Parameter Pengamatan a) Penghitungan Kepadatan Spirulina sp. Penghitungan kepadatan sel Spirulina sp. dilakukan dengan menggunakan spektrofotometer UV-VIS pada panjang gelombang 680 nm setelah 24 jam penebaran awal, hingga mencapai fase pertumbuhan stasioner. Pengukuran OD dilakukan pada panjang gelombang 680 nm, karena pada panjang gelombang tersebut mampu diserap oleh klorofil a. Dasar pemakaian spektrofotometer ini adalah untuk mengukur kerapatan optik dari suatu zat yang berwarna (Borowitzka dan Lesley 1988). Tujuan dari pengukuran rapat optis kultur adalah untuk menentukan kepadatan sel pada fase eksponensial yang berkaitan dengan penentuan waktu inokulasi Spirulina sp. pada media perlakuan dan penentuan waktu pemanenan. Selanjutnya dibuat grafik pertumbuhan Spirulina sp.untuk mengetahui kepadatan sel pada tiap fase tumbuhnya. b)
Analisa Kadar Protein Penentuan kadar protein dilakukan dengan metode Kjeldahl menurut AOAC (1995). Sampel sebanyak 0,5 g dimasukkan kedalam labu Kjeldahl, kemudian ditambahkan tablet Kjeldhal sebanyak ¼ bagian kemudian ditambahkan 10 ml H2SO4 pekat. Panaskan labu tersebut di atas pemanas Kjeldahl dalam almari asam. Pemanasan baru dihentikan jika sudah tidak berasap dan warna larutan menjadi hijau (membutuhkan waktu ± 1,5 jam). Biarkan beberapa saat sampai labu menjadi dingin. Masukkan 50 ml aquades kedalam labu destilasi yang telah diisi dengan batu didih (pecahan kaca). Tuangkan larutan yang ada dalam labu Kjeldhal ke dalam labu destilasi. Labu Kjeldhal dibilas denga 50 ml aquades sedikit demi sedikit. Tambahkan 30 ml larutan NAOH 40% sedikit demi sedikit lalu tutup dengan sumbat karet dan goyang-goyang secara pelan (usahakan tidak ada uap yang keluar dari labu destilasi). Siapkan Erlenmeyer yang telah diisi dengan 25 ml larutan H2SO4 0,1 N dan 3 tetes indikator metal merah. Kemudian labu destilasi dirangkai denga pendingin Liebiegh menggunakan pipa bengkok. Uap NH3 yang keluar dtampung dalam Erlenmeyer yang berisi larutan H2SO4 dan indikator tersebut. Alirkan air melalui pendingin Liebiegh dan nyalakan api Bunsen. Proses destilasi dihentikan jika larutan dalam labu destilasi tinggal 1/3 bagian. Hasil
destilasi yang ditampung dalam Erlenmeyer dititrasi menggunakan NaOH 0,1 N sampai terjadi perubahan warna dari merah muda menjadi jingga. Kadar protein (%) = (A – B) x N NaOH x 14,007 x 6,25 x 100% Mg sampel A : volume NaOH untuk titrasi sampel B : volume NaOH untuk titrasi larutan blanko N NaOH : normalitas HCl (0,1 N)

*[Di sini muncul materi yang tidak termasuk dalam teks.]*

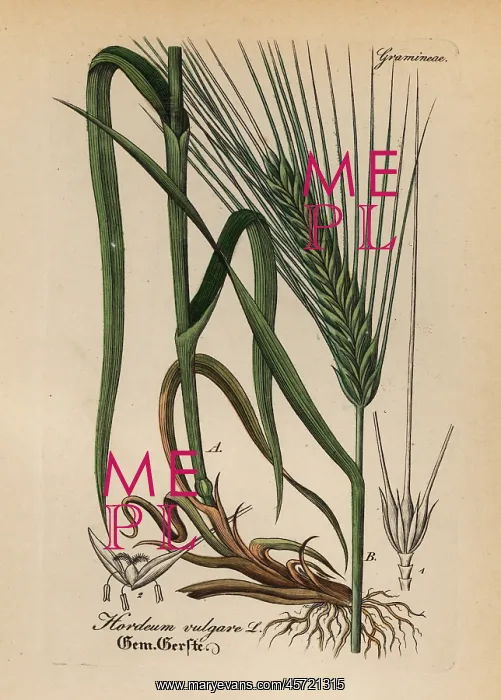 : Barley, Hordeum vulgare : Barley, Hordeum vulgare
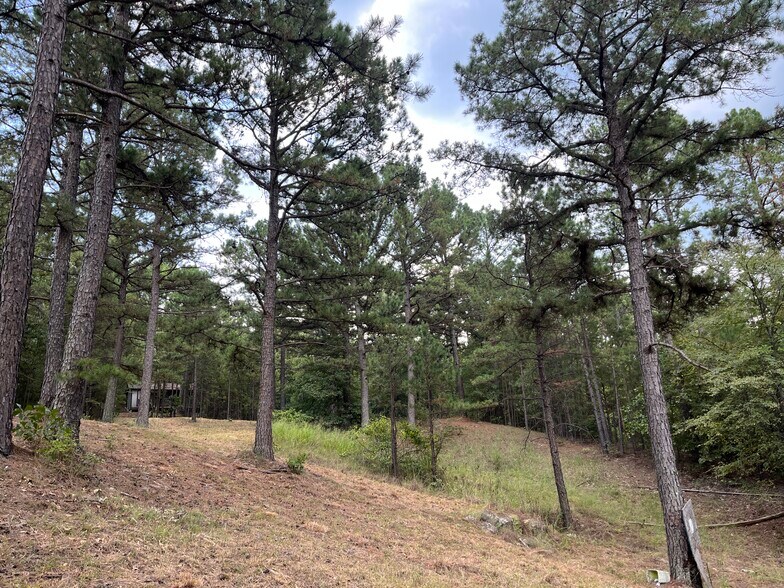 More Photos Of 27546 Reservation Rd, Daisy Land For Sale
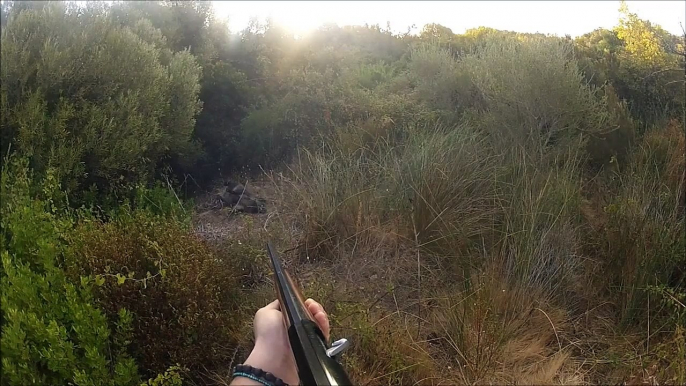 N°34 - Chasse aux Sangliers - Tir d'un gros sanglier male en Corse du Sud -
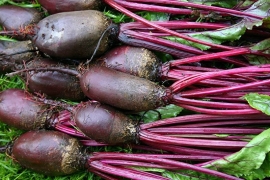 Biet rode 'Cylindrica type Halflange', Beta vulgaris var. rubra Biologisch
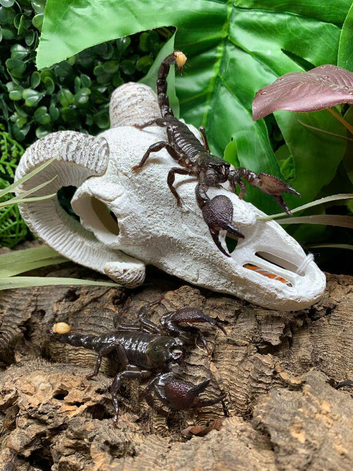 Emperor Scorpions at Birmingham Reptiles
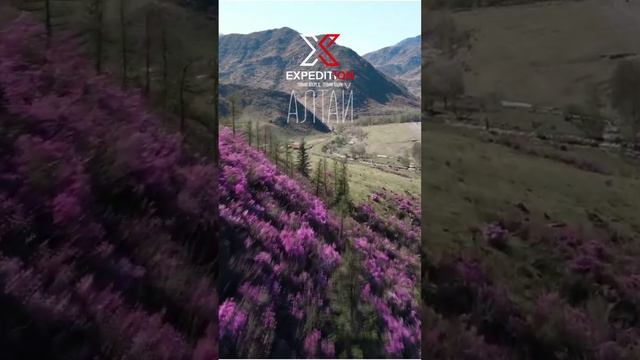 Алтай - маральник #алтай #маральник #сакура #туры #beauty #горы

14,007 : berat atom N 6,25 : faktor konversi protein
Parameter Pendukung Parameter pendukung dalam penelitian adalah suhu, pH, dan salinitas. Pengukuran suhu menggunakan termometer, pengukuran pH menggunakan kertas pH indikator dan pengukuran salinitas menggunakan refraktometer. Pengukuran terhadap suhu, pH, dan salinitas dilakukan setiap hari untuk mendukung data dari parameter utama. Rancang Penelitian Rancangan penelitian yang digunakan adalah rancangan acak lengkap (RAL) dengan 1 faktor yang terdiri dari kombinasi konsentrasi MET dengan pupuk urea serta kontrol dalam kultur Spirulina sp. Perlakuan dalam penelitian ini terdiri dari 10 perlakuan dan diulang sebanyak 3 kali. Analisis Data Data penelitian dianalisa dengan menggunakan ANOVA untuk mengetahui pengaruh kombinasi konsentrasi MET dengan pupuk urea dan kontrol terhadap kadar protein Spirulina sp. dengan hipotesa sebagai berikut : Ho : kombinasi konsentrasi MET dan Urea pada media kultur Spirulina sp. tidak berpengaruh terhadap kadar protein Spirulina sp. H1 : kombinasi konsentrasi MET dan Urea pada media kultur Spirulina sp. berpengaruh nyata terhadap kadar protein Spirulina sp. Jika H1 diterima atau terdapat pengaruh penambahan kombinasi MET dan pupuk urea terhadap kadar protein Spirulina sp., maka dilanjutkan dengan Uji Dunnet pada taraf kepercayaan 95% (α=0,05) untuk mengetahui signifikansi perbedaan tiap perlakuan dengan kontrol.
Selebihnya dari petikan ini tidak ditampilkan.